Dong Hai-Long, Sui Yan-Fang
Department of Pathology, Fourth Military Medical University, Xi'an 710032, Shaanxi Province, China.
World J Gastroenterol. 2005 Jan 14;11(2):208-11. doi: 10.3748/wjg.v11.i2.208.
To predict the HLA-A2-restricted CTL epitopes of tumor antigens associated with hepatocellular carcinoma (HCC).

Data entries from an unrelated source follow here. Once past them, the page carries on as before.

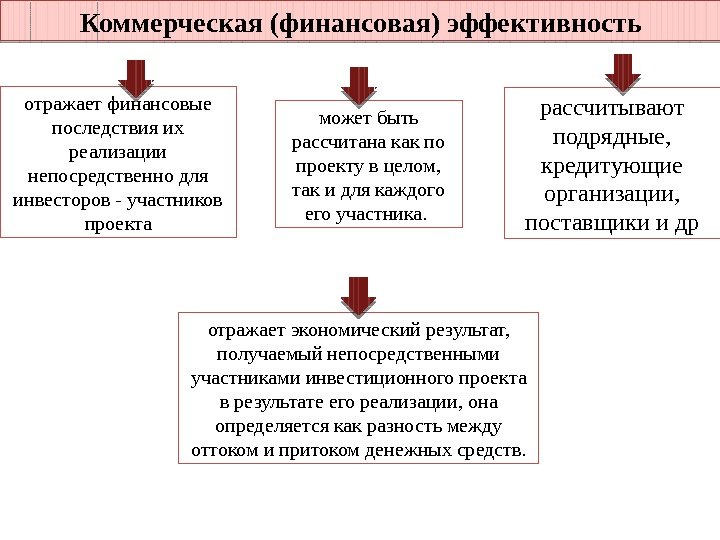 Коммерческая финансовая эффективность инвестиционного проекта отражает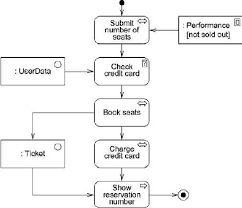 3 Muc Case Study Uwe Activity Diagram Detailing The Buy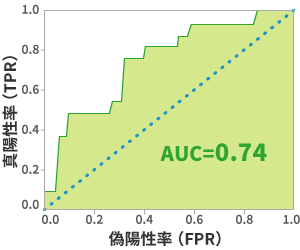 ROC曲線（LOOCVループの予測に対して生成）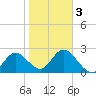 Tarpon Springs tide chart for Monday, February 3, 2025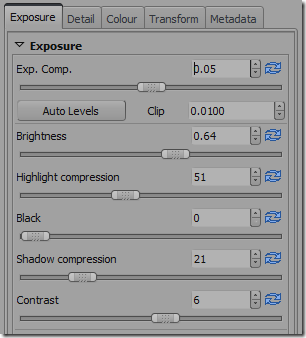 Примеры разных гистограмм: правильный диапазон и ошибки недо- и переэкспонирования
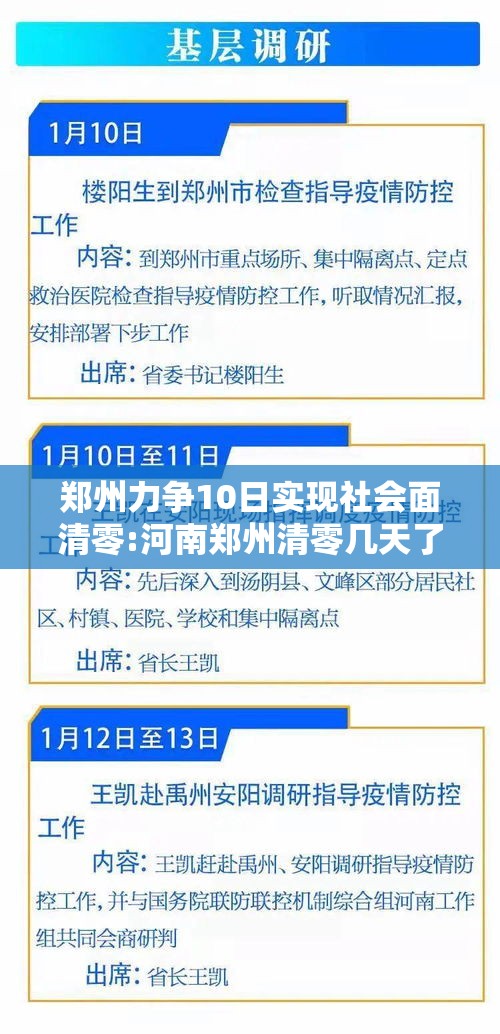 郑州力争10日实现社会面清零:河南郑州清零几天了 郑州力争10日实现社会面清零:河南郑州清零几天了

MAGE-1, MAGE-3, MAGE-8, P53 and AFP were selected as objective antigens in this study for the close association with HCC. The HLA-A*0201 restricted CTL epitopes of objective tumor antigens were predicted by SYFPEITHI prediction method combined with the polynomial quantitative motifs method. The threshold of polynomial scores was set to -24.

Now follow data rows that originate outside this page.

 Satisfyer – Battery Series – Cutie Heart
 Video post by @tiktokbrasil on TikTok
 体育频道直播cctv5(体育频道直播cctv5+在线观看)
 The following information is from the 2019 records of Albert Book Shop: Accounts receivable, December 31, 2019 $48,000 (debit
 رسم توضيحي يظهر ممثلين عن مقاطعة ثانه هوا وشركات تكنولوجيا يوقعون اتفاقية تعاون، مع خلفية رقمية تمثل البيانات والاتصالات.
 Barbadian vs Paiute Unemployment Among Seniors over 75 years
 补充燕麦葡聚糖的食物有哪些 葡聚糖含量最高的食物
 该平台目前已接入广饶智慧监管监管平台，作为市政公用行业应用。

The SYFPEITHI prediction values of all possible nonamers of a given protein sequence were added together and the ten high-scoring peptides of each protein were chosen for further analysis in primary prediction. Thirty-five candidates of CTL epitopes (nonamers) derived from the primary prediction results were selected by analyzing with the polynomial method and compared with reported CTL epitopes.
The combination of SYFPEITHI prediction method and polynomial method can improve the prediction efficiency and accuracy. These nonamers may be useful in the design of therapeutic peptide vaccine for HCC and as immunotherapeutic strategies against HCC after identified by immunology experiment.
预测与肝细胞癌(HCC)相关的肿瘤抗原的HLA - A2限制性CTL表位。
本研究选择MAGE - 1、MAGE - 3、MAGE - 8、P53和AFP作为与HCC密切相关的目标抗原。采用SYFPEITHI预测方法结合多项式定量基序方法预测目标肿瘤抗原的HLA - A*0201限制性CTL表位。多项式得分阈值设定为 - 24。
将给定蛋白质序列的所有可能九聚体的SYFPEITHI预测值相加,在初步预测中选择每种蛋白质得分最高的十个肽段进行进一步分析。通过多项式方法分析从初步预测结果中筛选出35个CTL表位(九聚体)候选序列,并与已报道的CTL表位进行比较。
SYFPEITHI预测方法与多项式方法相结合可提高预测效率和准确性。这些九聚体在经免疫学实验鉴定后,可能有助于设计HCC治疗性肽疫苗以及作为针对HCC的免疫治疗策略。